How to detect text region from a document image?

1.8k views Asked by At

I have a document image, which might be a newspaper or magazine. For example, a scanned newspaper. I want to remove all/most text and keep images in the document. Anyone know how to detect text region in the document? Below is an example. Thanks in advance!

example image: https://www.mathworks.com/matlabcentral/answers/uploaded_files/21044/6ce011abjw1elr8moiof7j20jg0w9jyt.jpg

1

There are 1 answers

4
Staus On BEST ANSWER

The usual pattern of object recognition will work here - threshold, detect regions, filter regions, then do what you need with the remaining regions.

Thresholding is easy here. The background is pure white (or can be filtered to be pure white) so anything that is above 0 in the inverted grayscale image is either text or an image. Then regions can be detected within this thresholded binary image.

For filtering the regions, we just have to identify what makes the text different from the pictures. Text regions are going to be small since every letter is its own region. Pictures are big regions in comparison. Filtering by region area with the proper threshold will pull out all of the pictures and remove all of the text, assuming none of the pictures are about the size of a single letter anywhere on the page. If they are then other filtering criteria can be used (saturation, hue variance, ...).

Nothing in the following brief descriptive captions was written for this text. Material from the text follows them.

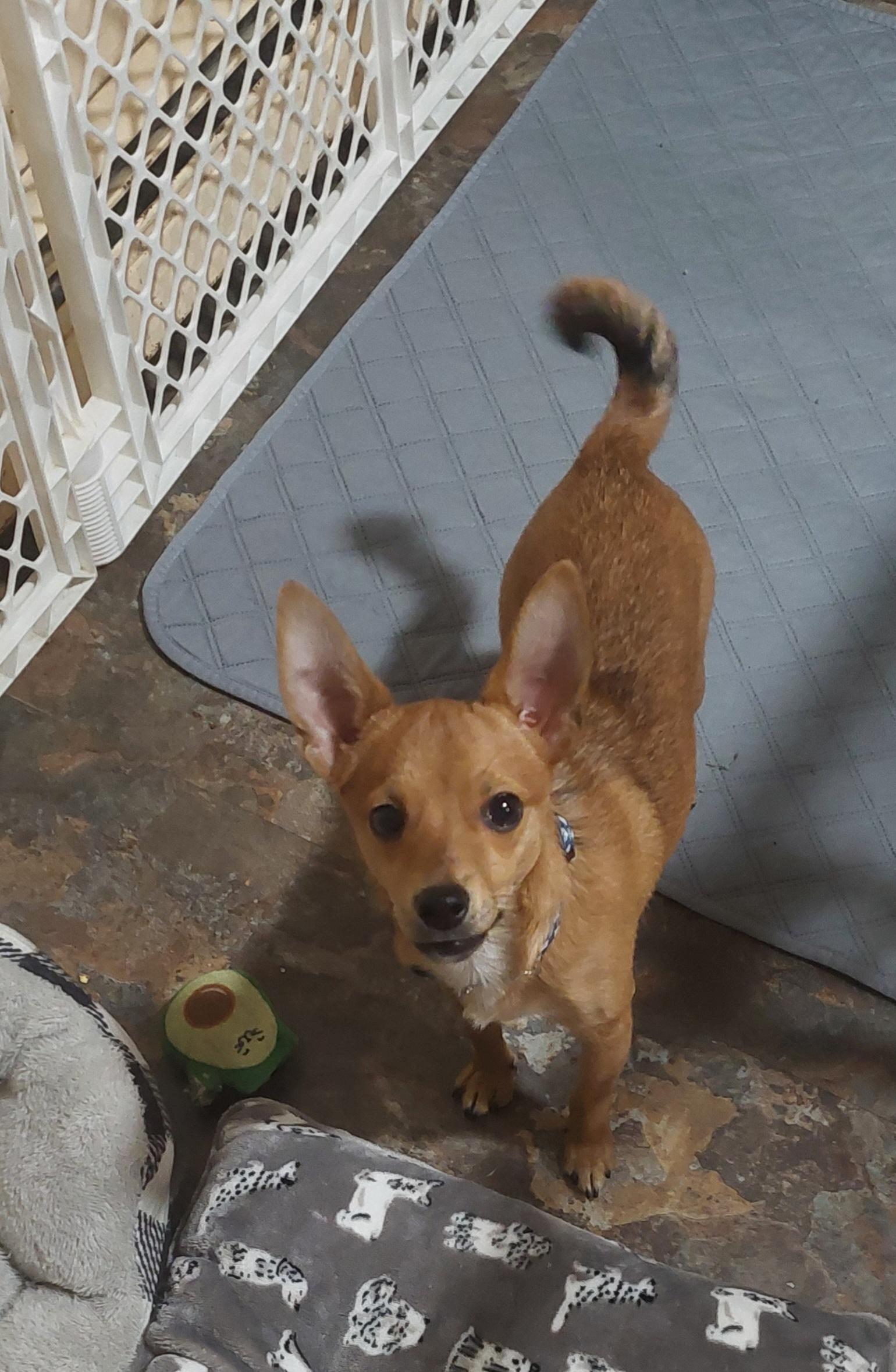 Stitch, a ADOPTABLE Chihuahua in Conesus, NY image 3/3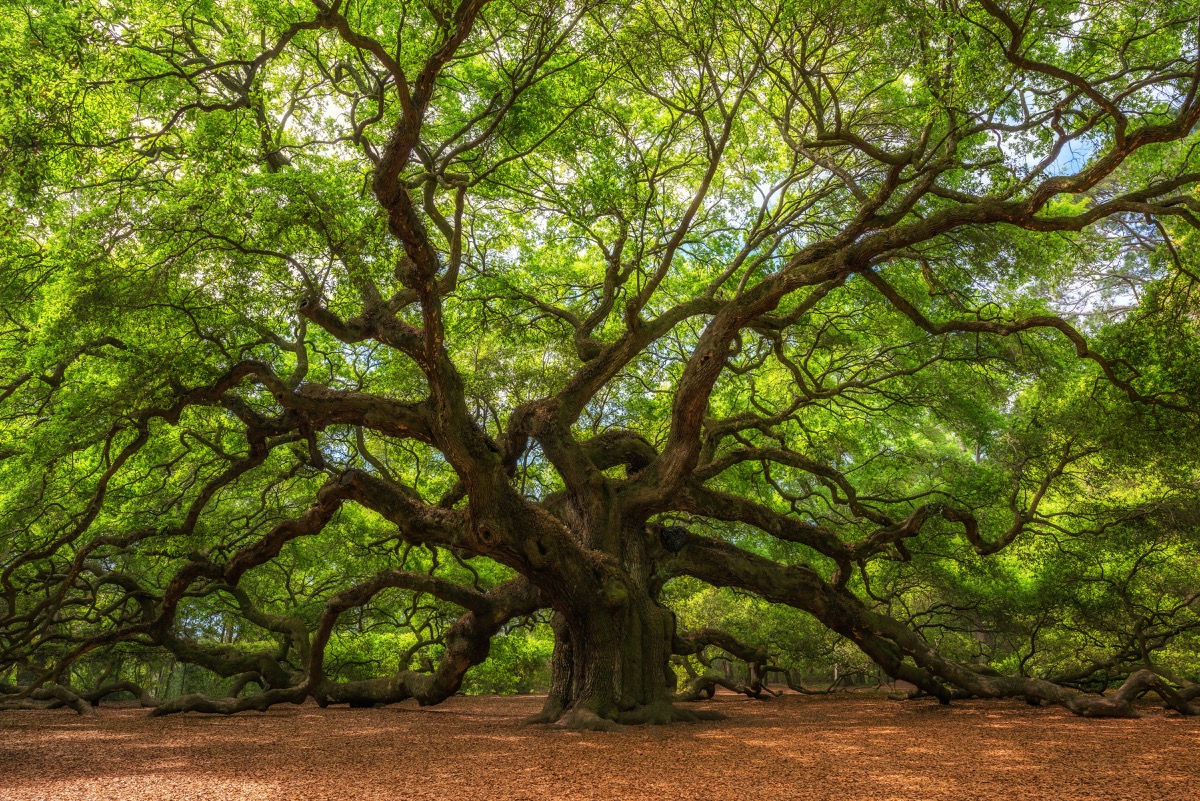 Angle Oak Tree in Johns Island, South Carolina. - Image, most common street names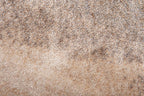 Brush Oval rug – Soft elegance with an organic shape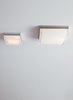 Picture of 20w Boxie Chrome Boxie Ceiling Large, ch-LED3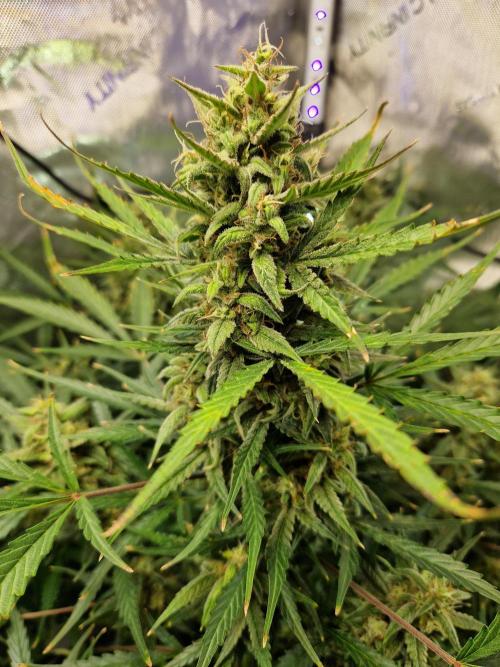 Cookies & Citrus Chronicles. Week 11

Once the regions are filtered by the area and saturation criteria then a new image can be created by inserting the pixels in the original image that fall within the bounding boxes of the filtered regions into a new image.

MATLAB implementation:

%%%%%%%%%%%%
% Set these values depending on your input image

img = imread('https://www.mathworks.com/matlabcentral/answers/uploaded_files/21044/6ce011abjw1elr8moiof7j20jg0w9jyt.jpg');

MinArea = 2000; % Minimum area to consider, in pixels
%%%%%%%%%
% End User inputs

gsImg = 255 - rgb2gray(img); % convert to grayscale (and invert 'cause that's how I think)
threshImg = gsImg > graythresh(gsImg)*max(gsImg(:)); % Threshold automatically

% Detect regions, using the saturation in place of 'intensity'
regs = regionprops(threshImg, 'BoundingBox', 'Area');

% Process regions to conform to area and saturation thresholds
regKeep = false(length(regs), 1);
for k = 1:length(regs)

    regKeep(k) = (regs(k).Area > MinArea);

end

regs(~regKeep) = []; % Delete those regions that don't pass qualifications for image

% Make a new blank image to hold the passed regions
newImg = 255*ones(size(img), 'uint8');

for k = 1:length(regs)

    boxHere = regs(k).BoundingBox; % Pull out bounding box for current region
    boxHere([1 2]) = floor(boxHere([1 2])); % Round starting points down to next integer
    boxHere([3 4]) = ceil(boxHere([3 4])); % Round ranges up to next integer
    % Insert pixels within bounding box from original image into the new
    % image
    newImg(boxHere(2):(boxHere(2)+boxHere(4)), ...
        boxHere(1):(boxHere(1)+boxHere(3)), :) = img(boxHere(2):(boxHere(2)+boxHere(4)), ...
        boxHere(1):(boxHere(1)+boxHere(3)), :);

end

% Display
figure()
image(newImg);

As you can see in the image linked below, it does what is needed. All but the pictures and the masthead are removed. The good thing is that this will work just fine with colored and grayscale images if you're working with newspapers away from the front page.

Results:

https://i.stack.imgur.com/VtWjU.png